1948年にアパルトヘイト政権が出来てから既に行っていた体制をより整えるために国会での数にものを言わせて、今までの慣例を次々と法制化して行った。過半数を取って法律を作り、したい放題してきた自民党と構図は同じである。1910年にオランダ系アフリカーナーとイギリスの入植者が金やダイヤモンドの採掘権をめぐって殺し合ったとき、どちらも銃を持っていたので殲滅するまで闘えば取り囲まれている多数派のアフリカ人に共倒れすると思い知って連合政権の国を作ってしまった。アフリカ人を搾取するという一点で妥協した。その政権で、肝心要の土地に関する法律を法制化している。1913年の原住民土地法である。アフリカ人側もことの重要性を知っていたので、法制化を聞いて、その前の年に初めて抵抗運動の組織を作った。それが今の与党アフリカ民族会議ANCである。使える土地は白人のもの、不毛の土地はアフリカ人のもの、互いの売買は禁じるというものである。アフリカ人から奪った土地は入植者のものと法律で決めたわけである。どの法律も、アフリカ人に重くのしかかった。

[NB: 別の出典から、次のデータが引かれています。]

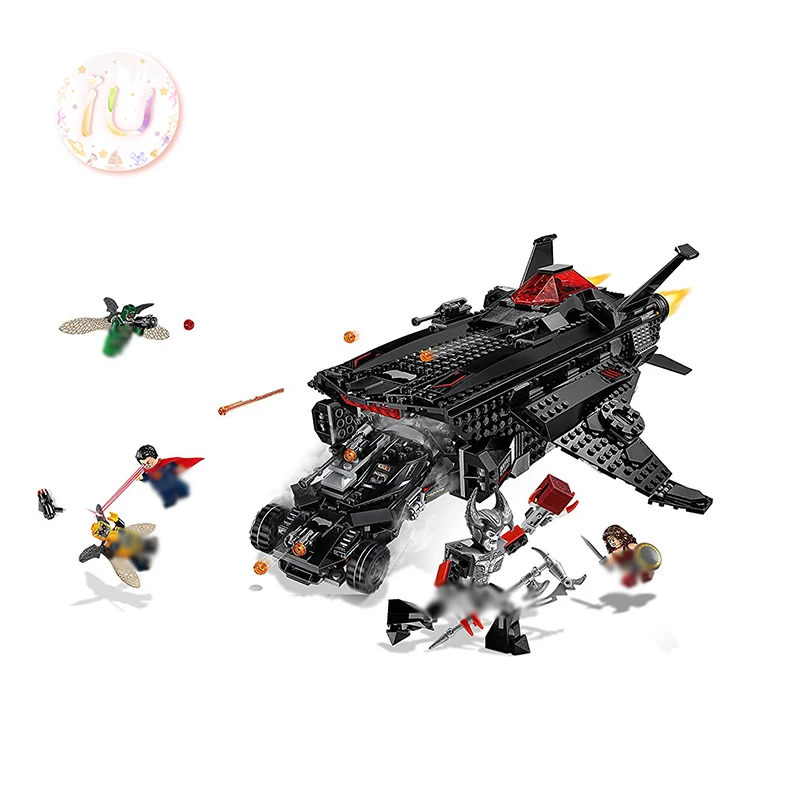 BELA 10846 Super Heroes Flying Fox: Бэтмобиль Airlift Attack Строительные блоки подарки игрушки для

1948年に単独過半数を取ったアパルトヘイト政権は、翌年に異人種間の結婚を禁止する法律を成立させた。人種隔離政策の主な政策の一つである。そして1950年に集団地域法を制定した。人種別に居住区が割り当てられ、割り当てられた地域以外での居住は違法とされた。1953年の隔離施設留保法では、道路を除いたあらゆる公共施設や公共車両、飲食店などで人種別専用の施設を用意することが義務付けられ、居住区と生活圏が法的に隔離された。アフリカ人は約2500万人、インド系約90万人、白人は約500万人程度だった。のちに、不毛の土地にアフリカ人の独立国を創るというバンツースタン計画が立案された。人種隔離はするが、都市部での労働力は要るので一時的に滞在を認めるという屁理屈を通しただけである。従って、労働力の動向を把握するための通行許可証が急務となった。それがパス法である。
朝鮮半島(↓)で、ソ連の後押しで北朝鮮・中国兵とアメリカ・韓国兵が戦っていた1950年に、南アフリカではアパルトヘイト体制が強化され、その一環として集団地域法が制定されていたのである。